D’habitude le temps possède des vertus apaisantes. Mais il s’agit ici d’un cas d’espèce où au contraire, le temps passé aurait plutôt tendance à donner aux acteurs de l’affaire du Clem’ un goût encore plus amer. En effet un rapide calcul montre, en prenant les hypothèses les plus défavorables, que le Blue Lady est proportionnellement deux fois plus amianté que le Clemenceau !
2 poids ...
Clemenceau :
- poids du bateau : 24 200 tonnes
- poids d’amiante : 1 000 tonnes (poids "tout compris", c’est-à-dire en ignorant le désamiantage partiel réalisé sur le Clem’ avant "envoi" en Inde)
Pour le Clem’ l’amiante représente moins de 4,2 % du poids total.

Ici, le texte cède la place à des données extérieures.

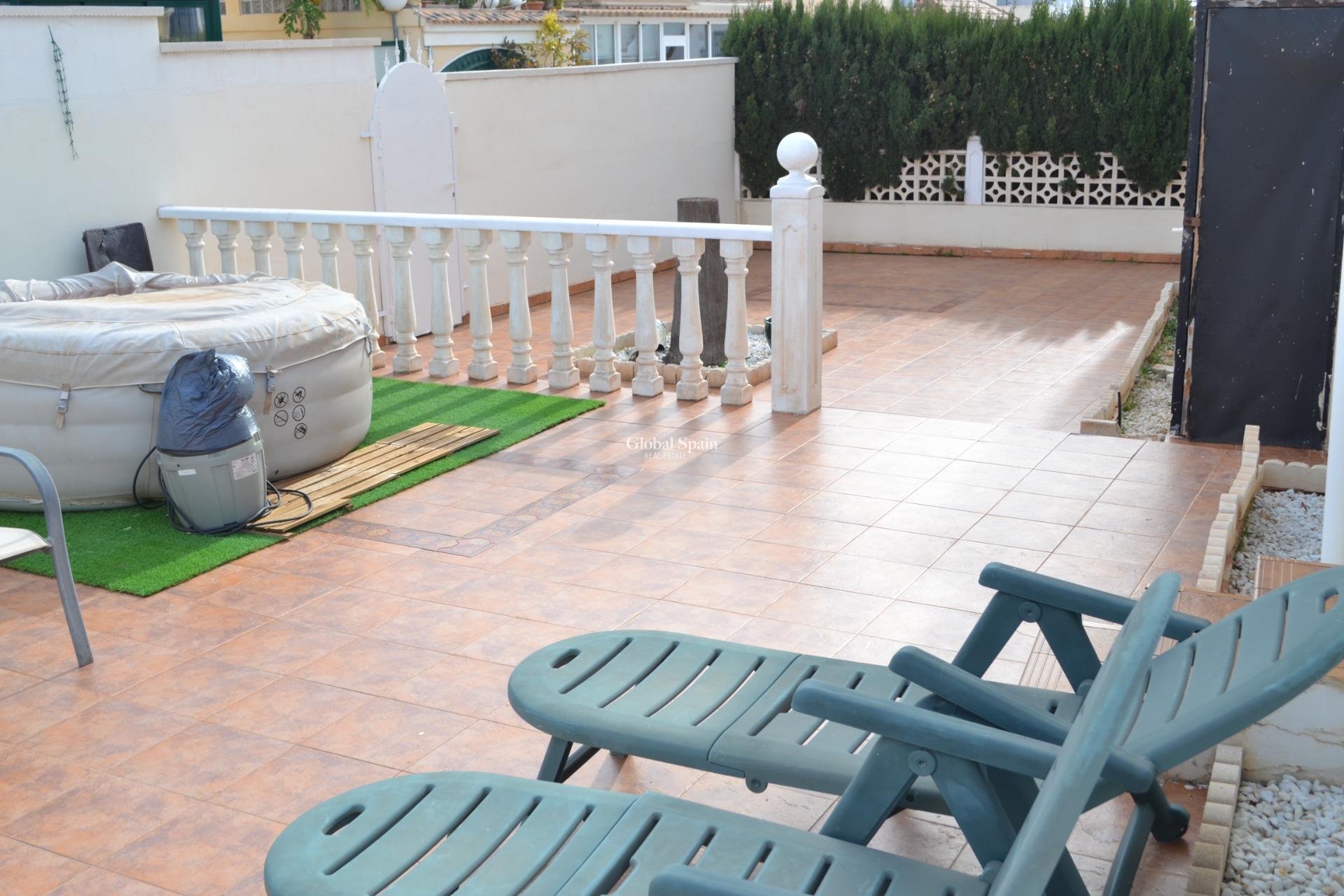 Wederverkoop - HUIS -
ORIHUELA COSTA - La Zenia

Ex-France (Norway, Blue Lady) :
- poids du bateau : 13 960 tonnes
- poids d’amiante : 1 200 tonnes
L’amiante représente donc 8,6 % du poids total de l’ex-France, plus du double de ce qu’il y avait à bord du Clemenceau. Le ratio danger couru par les travailleurs versus poids de la tonne d’acier récupérée est très nettement en faveur du Clem’ !
Une décision ... qui ne fait que des perdants
Il est parfois des décisions dans lesquelles personne n’a rien à gagner, c’est le cas de cette autorisation accordée par la cour suprême indienne de détruire l’ex-France dans ses chantiers d’Alang.

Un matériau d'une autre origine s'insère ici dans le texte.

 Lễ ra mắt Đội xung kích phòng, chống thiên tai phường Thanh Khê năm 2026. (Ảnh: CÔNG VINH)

- cela peut donner des remords à l’Etat français ;
- c’est le comble de l’inégalité... pour la justice indienne ! ;
- cela confirme le manque à gagner pour les chantiers, qui ont raté le Clem ! ;
- c’est une bataille perdue pour les ONG luttant pour l’amélioration des conditions de travail sur les chantiers.

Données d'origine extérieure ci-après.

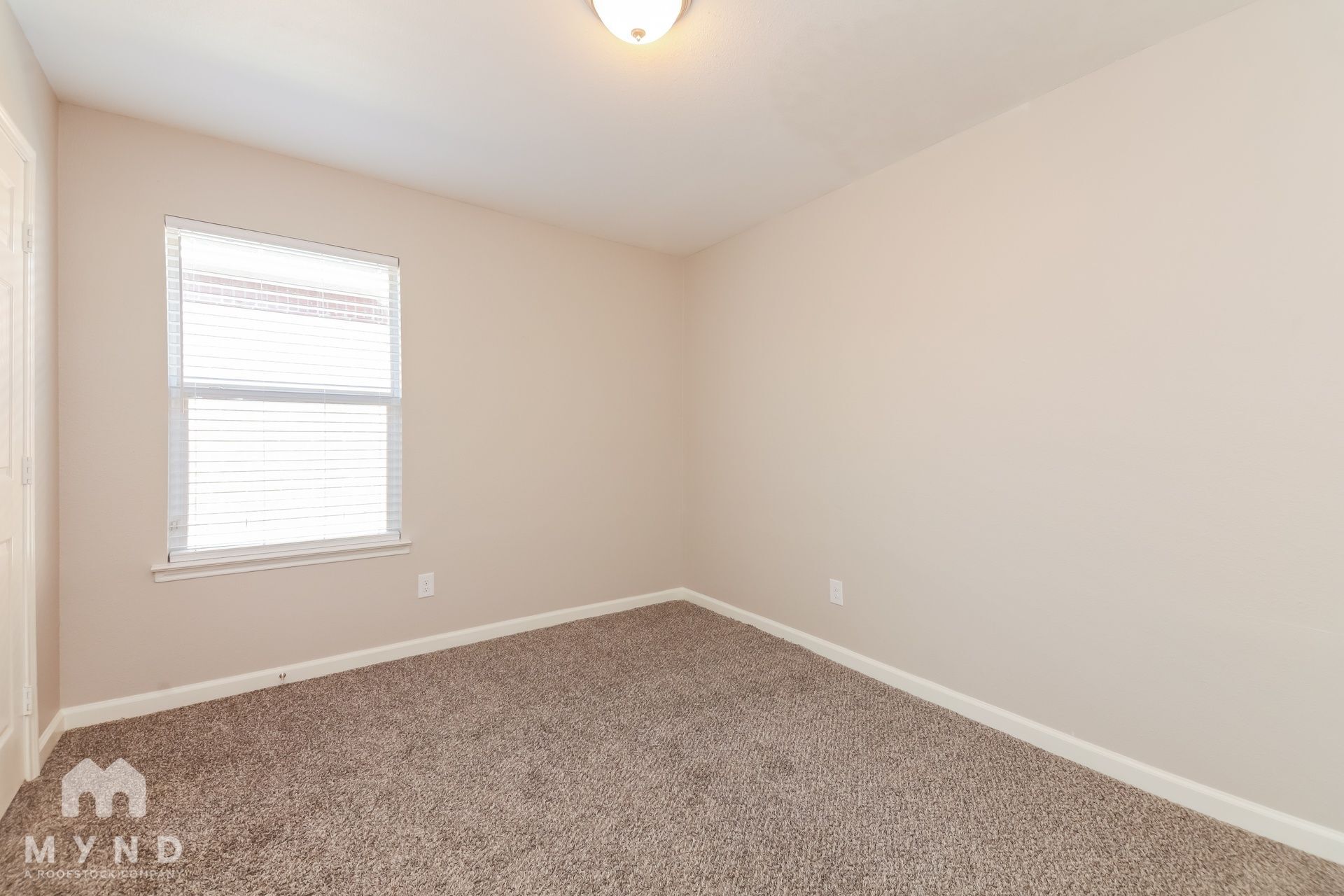 Building Photo - 729 Mahogany Dr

Mais il est vrai que les deux cas ne sont pas semblables en tous points.
D’un côté le propriétaire "principal" du Clemenceau était clairement identifié, en l’occurrence l’Etat français, et celui-ci n’a jamais fuit ses responsabilités : désamiantage préalable et engagements (formation/fourniture d’équipements/suivi) auprès des travailleurs sur les chantiers de déconstruction d’Alang.
De l’autre l’empilement des propriétaires (achats/reventes rapprochées, parfois même entre filiales d’un même groupe... une technique éprouvée dans le monde maritime), mais surtout une capacité d’attente bien supérieure (le Blue Lady est mouillé/échoué, selon la marée, depuis plus d’un an devant Alang). Jacques Chirac ne pouvait pas "se permettre" de laisser, de longs mois, un navire de la marine française, fût-il désarmé, dans une situation aussi inconfortable... Pourtant avec le temps, il s’avère que jouer la montre aurait pu porter ses fruits.
2 mesures !
Pour les autorités indiennes (il n’y a que les indécis qui ne changent pas d’avis !) d’autres heures, d’autres moeurs.
Côté propriétaires de navires : d’autres décideurs, d’autres moeurs.